Saudi billionaire sees a world awash in oil – by Jacquie McNish (Globe and Mail – November 16, 2013)

The Globe and Mail is Canada’s national newspaper with the second largest broadsheet circulation in the country. It has enormous influence on Canada’s political and business elite.

TORONTO — “He has arrived.” As the hushed alert circulates in the lobby of Toronto’s Four Seasons Hotel, a dozen employees rush to their positions near doors and elevators.

No one pays attention to the procession of primped and perfumed Canadian authors, musicians and business leaders flowing through the first floor for the Writers’ Trust Gala.

Forget about author Joseph Boyden and Tragically Hip singer Gord Downie. The staff’s eyes are trained to a slight man in a trim grey wool suit making his way to the front door with an entourage of male attendants in dark jackets.

Prince al-Waleed bin Talal, the Saudi billionaire who invests in everything from Twitter to Disney, is visiting the recently built hotel, the newest addition to his collection of five-star pleasure palaces. His portfolio also includes London’s Savoy, the George V in Paris, and the Plaza in New York.

The 58-year-old nephew of Saudi King Abdullah made a name for himself as a maverick when he invested in Citibank in 1991 and made a killing by correctly betting the tottering bank would recover.

Now he is emerging as an activist in his home country with a rare public challenge to Saudi Arabia’s political elite, whom he believes are recklessly ignoring economic threats posed by shale oil discoveries in the United States.
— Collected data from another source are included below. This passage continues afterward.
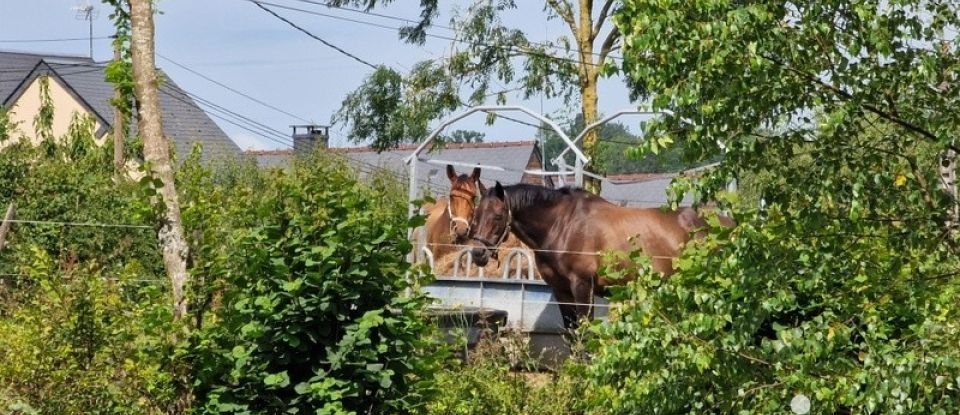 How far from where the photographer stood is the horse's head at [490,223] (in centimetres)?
1256

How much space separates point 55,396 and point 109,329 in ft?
1.44

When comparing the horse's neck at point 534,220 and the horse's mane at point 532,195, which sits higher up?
the horse's mane at point 532,195

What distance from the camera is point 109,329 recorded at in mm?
7672

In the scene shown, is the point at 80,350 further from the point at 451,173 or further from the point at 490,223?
the point at 451,173

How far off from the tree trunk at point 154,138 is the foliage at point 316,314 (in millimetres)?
875

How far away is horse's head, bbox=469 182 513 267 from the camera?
41.2ft

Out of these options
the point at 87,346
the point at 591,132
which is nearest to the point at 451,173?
the point at 87,346

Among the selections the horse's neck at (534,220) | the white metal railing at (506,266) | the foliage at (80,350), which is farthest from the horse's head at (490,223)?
the foliage at (80,350)

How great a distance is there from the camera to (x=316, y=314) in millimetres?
6895

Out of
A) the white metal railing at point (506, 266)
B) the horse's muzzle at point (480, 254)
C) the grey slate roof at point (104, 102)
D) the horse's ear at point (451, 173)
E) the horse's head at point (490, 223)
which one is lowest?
the white metal railing at point (506, 266)

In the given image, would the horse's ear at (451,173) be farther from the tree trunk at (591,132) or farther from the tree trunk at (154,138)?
the tree trunk at (591,132)

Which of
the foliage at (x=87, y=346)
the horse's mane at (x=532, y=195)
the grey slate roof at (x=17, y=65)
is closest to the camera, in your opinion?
the foliage at (x=87, y=346)

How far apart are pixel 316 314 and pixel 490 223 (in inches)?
227

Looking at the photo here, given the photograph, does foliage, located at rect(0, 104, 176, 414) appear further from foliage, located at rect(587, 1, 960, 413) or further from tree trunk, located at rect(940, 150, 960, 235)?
tree trunk, located at rect(940, 150, 960, 235) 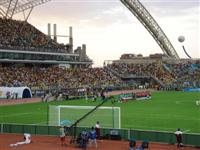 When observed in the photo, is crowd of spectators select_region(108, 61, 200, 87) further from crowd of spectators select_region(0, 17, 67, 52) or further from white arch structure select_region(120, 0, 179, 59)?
crowd of spectators select_region(0, 17, 67, 52)

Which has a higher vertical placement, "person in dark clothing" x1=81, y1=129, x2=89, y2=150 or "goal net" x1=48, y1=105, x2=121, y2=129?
"goal net" x1=48, y1=105, x2=121, y2=129

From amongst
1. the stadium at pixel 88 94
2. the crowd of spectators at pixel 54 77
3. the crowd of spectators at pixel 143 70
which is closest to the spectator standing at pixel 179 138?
the stadium at pixel 88 94

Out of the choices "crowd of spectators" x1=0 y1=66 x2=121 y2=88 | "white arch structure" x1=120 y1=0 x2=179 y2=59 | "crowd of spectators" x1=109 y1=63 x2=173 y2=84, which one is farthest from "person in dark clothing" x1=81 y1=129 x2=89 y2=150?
"white arch structure" x1=120 y1=0 x2=179 y2=59

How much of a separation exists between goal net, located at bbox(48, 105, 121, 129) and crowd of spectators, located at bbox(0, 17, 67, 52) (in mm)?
42433

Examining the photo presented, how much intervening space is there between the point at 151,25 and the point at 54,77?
4432 cm

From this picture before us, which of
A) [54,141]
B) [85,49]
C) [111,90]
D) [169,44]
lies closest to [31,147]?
[54,141]

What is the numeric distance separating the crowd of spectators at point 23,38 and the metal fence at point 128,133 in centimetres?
4372

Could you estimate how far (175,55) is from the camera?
396ft

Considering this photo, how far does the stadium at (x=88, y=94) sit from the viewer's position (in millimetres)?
27864

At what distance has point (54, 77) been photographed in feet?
249

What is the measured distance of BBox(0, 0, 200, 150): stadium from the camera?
27864mm

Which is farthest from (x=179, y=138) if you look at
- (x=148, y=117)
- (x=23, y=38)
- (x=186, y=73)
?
(x=186, y=73)

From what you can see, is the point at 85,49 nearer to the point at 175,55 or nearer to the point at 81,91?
the point at 175,55

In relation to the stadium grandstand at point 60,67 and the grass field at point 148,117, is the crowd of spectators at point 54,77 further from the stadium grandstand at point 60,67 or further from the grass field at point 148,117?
the grass field at point 148,117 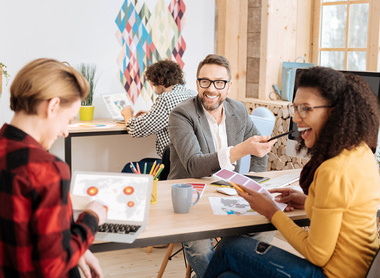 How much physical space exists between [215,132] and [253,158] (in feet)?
1.03

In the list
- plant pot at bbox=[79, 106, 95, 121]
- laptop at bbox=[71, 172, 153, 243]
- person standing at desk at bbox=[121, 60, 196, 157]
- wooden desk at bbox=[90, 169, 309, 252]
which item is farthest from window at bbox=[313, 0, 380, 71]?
laptop at bbox=[71, 172, 153, 243]

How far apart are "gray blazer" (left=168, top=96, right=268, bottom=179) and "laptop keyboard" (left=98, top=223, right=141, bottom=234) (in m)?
0.77

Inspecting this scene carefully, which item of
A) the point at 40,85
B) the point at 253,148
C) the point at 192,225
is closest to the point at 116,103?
the point at 253,148

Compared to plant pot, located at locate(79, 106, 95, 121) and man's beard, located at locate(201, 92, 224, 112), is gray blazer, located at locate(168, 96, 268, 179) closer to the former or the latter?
man's beard, located at locate(201, 92, 224, 112)

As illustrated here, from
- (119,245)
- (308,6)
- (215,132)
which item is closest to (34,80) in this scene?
(119,245)

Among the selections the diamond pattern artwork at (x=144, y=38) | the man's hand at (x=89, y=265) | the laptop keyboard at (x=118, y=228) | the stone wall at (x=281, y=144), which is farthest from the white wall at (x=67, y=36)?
the man's hand at (x=89, y=265)

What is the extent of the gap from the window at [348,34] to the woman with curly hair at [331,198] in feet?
8.55

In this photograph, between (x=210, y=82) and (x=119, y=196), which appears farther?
(x=210, y=82)

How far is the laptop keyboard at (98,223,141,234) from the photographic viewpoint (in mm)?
1608

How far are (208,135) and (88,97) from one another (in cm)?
194

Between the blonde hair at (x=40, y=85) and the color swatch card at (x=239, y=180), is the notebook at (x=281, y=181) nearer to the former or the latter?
the color swatch card at (x=239, y=180)

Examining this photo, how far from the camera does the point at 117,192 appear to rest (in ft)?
5.64

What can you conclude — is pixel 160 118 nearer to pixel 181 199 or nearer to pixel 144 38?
pixel 144 38

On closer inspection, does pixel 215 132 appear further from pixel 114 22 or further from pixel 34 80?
pixel 114 22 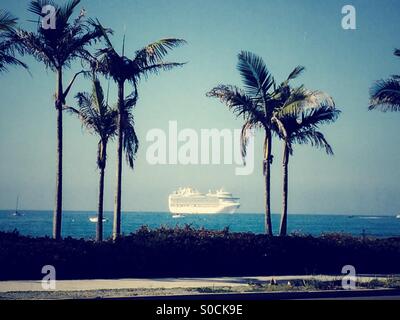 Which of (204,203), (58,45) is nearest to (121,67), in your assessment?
(58,45)

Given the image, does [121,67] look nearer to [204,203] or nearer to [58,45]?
[58,45]

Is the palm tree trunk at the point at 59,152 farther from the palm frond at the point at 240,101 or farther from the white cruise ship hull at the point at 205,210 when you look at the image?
the white cruise ship hull at the point at 205,210

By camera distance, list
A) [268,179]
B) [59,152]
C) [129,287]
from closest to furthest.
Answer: [129,287], [59,152], [268,179]

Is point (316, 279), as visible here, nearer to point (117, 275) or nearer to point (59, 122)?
point (117, 275)

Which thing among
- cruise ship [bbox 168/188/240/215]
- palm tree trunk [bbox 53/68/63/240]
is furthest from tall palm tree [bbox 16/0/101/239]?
cruise ship [bbox 168/188/240/215]

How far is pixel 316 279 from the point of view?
604 inches

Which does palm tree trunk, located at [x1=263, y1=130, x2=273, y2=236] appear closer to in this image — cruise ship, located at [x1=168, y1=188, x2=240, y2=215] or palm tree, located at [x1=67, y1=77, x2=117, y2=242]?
palm tree, located at [x1=67, y1=77, x2=117, y2=242]

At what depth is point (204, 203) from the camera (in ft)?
513

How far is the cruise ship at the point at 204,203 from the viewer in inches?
6132

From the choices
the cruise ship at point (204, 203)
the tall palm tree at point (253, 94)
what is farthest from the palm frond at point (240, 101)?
the cruise ship at point (204, 203)

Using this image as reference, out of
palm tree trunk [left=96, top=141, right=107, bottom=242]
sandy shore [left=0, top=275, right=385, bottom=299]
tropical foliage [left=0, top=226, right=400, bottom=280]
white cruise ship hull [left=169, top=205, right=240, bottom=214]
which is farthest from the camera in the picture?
white cruise ship hull [left=169, top=205, right=240, bottom=214]

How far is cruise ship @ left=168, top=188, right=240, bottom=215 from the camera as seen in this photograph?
15575 centimetres

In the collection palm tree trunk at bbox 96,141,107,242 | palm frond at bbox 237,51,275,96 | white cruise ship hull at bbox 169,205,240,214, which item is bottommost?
white cruise ship hull at bbox 169,205,240,214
The Prince makes this point repeatedly in an interview with The Globe and Mail, one of his first since he rattled global oil markets in July by disclosing on his Twitter account a letter to Saudi Arabia’s Oil Minister. The missive warned that the American shale oil boom would soon threaten demand for crude from members of the Organization of Petroleum Exporting Countries.

New shale oil discoveries “are threats to any oil-producing country in the world,” he says.

Inside the Four Seasons, the Prince and his handlers nudge their way through the hotel’s packed street-level “dbar” (a nod to chef Daniel Boulud) to a raised dais of taupe couches and chairs at the end of the lounge.

Signalling his comfort in Western society, the Prince juggles his prayer beads and Android phone while conducting business in the lobby bar. This is his custom, an adviser whispers – the Prince likes to make himself visible when spending time at his five-star resorts.